## Available data

■ ■ ■ ■

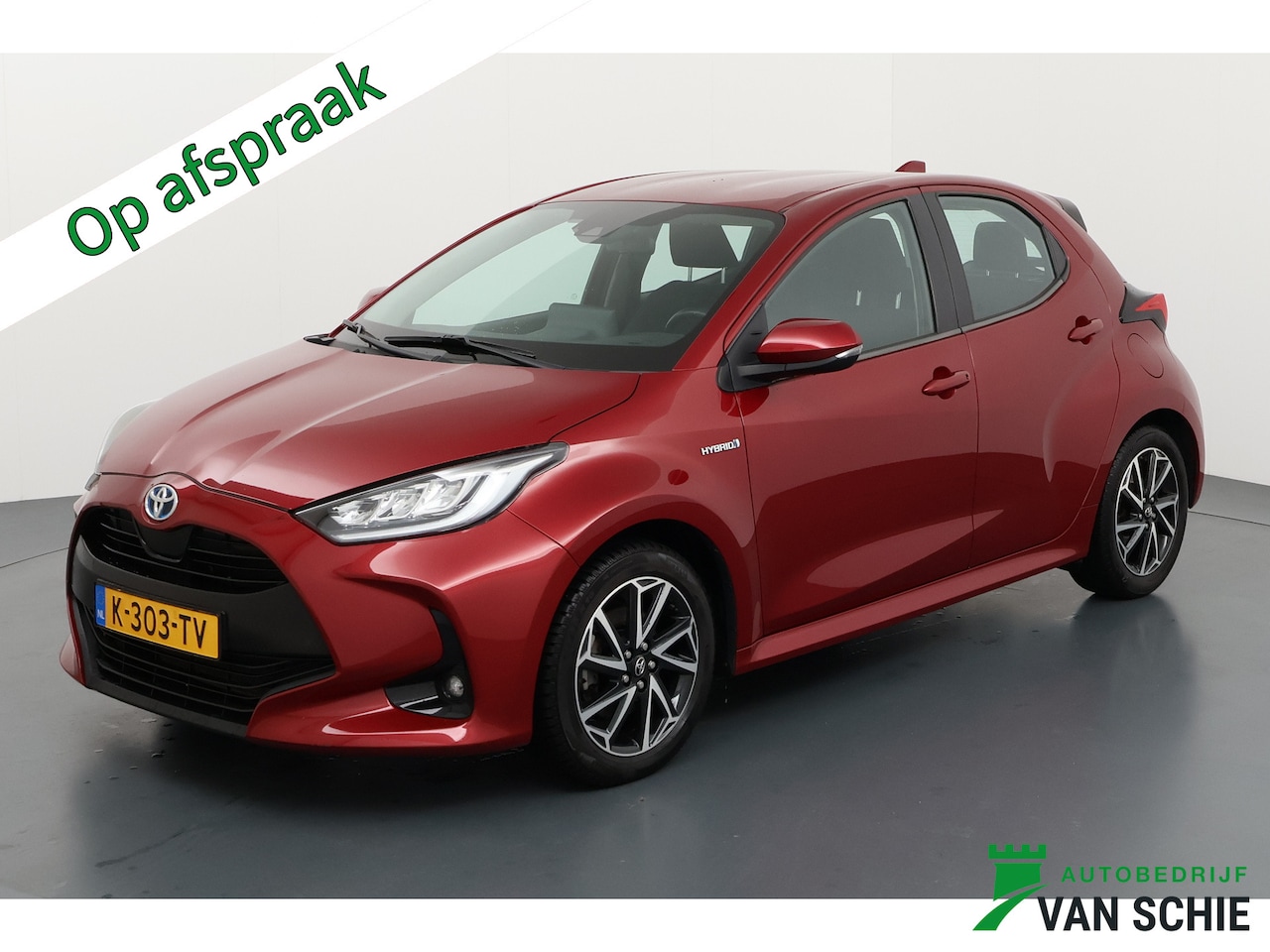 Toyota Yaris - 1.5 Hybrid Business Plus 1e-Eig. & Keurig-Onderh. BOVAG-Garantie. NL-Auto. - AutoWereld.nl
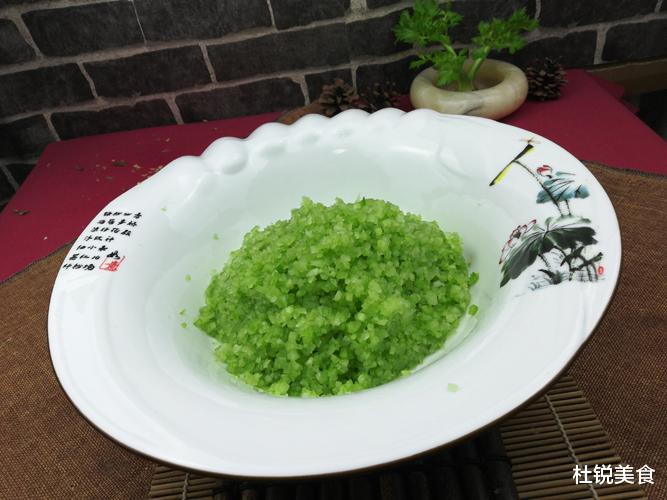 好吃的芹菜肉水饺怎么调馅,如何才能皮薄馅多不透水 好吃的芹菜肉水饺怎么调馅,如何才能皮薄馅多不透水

■ ■ ■ ■

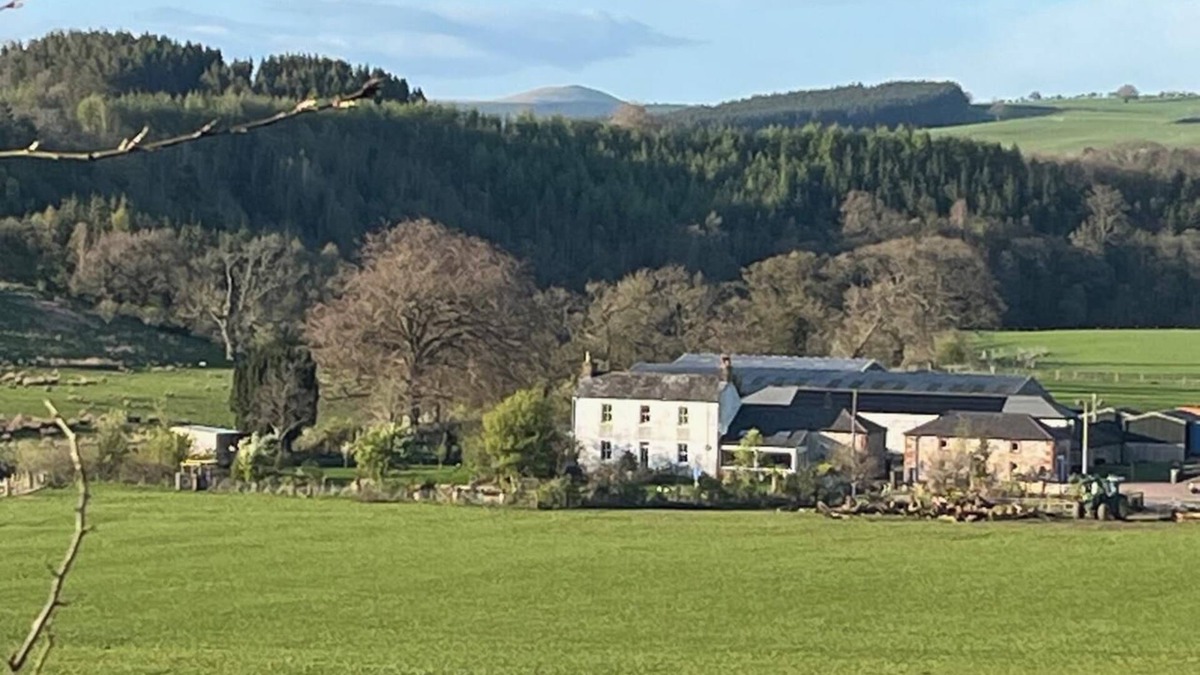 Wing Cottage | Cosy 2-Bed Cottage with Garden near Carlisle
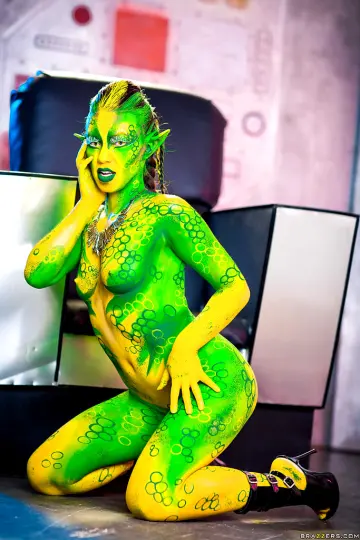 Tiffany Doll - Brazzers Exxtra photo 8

■ ■ ■ ■

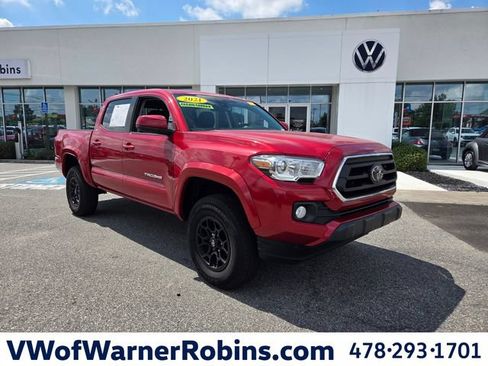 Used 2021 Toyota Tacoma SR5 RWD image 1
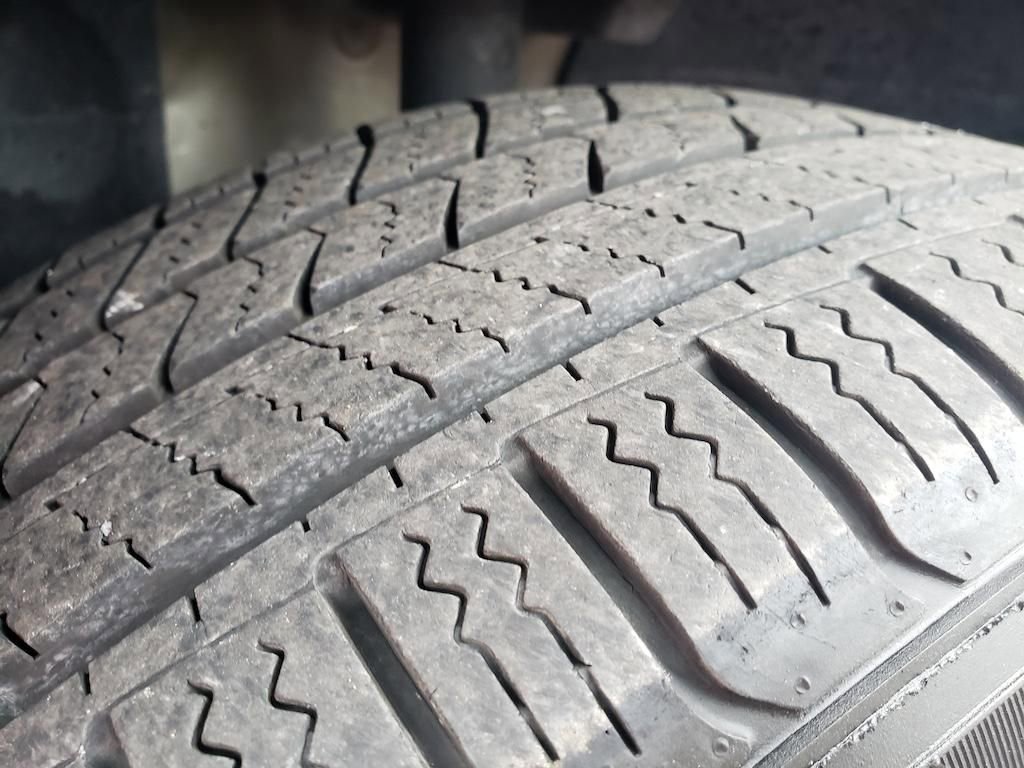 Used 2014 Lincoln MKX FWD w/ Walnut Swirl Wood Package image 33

■ ■ ■ ■

## Exercise requirements
Going by the data above, the answer is exactly the lines from the one holding "Used 2021 Toyota Tacoma SR5 RWD image 1" to the one holding "Used 2014 Lincoln", both kept, with the pictures left out.

## Solution to this problem
 Used 2021 Toyota Tacoma SR5 RWD image 1
 Used 2014 Lincoln MKX FWD w/ Walnut Swirl Wood Package image 33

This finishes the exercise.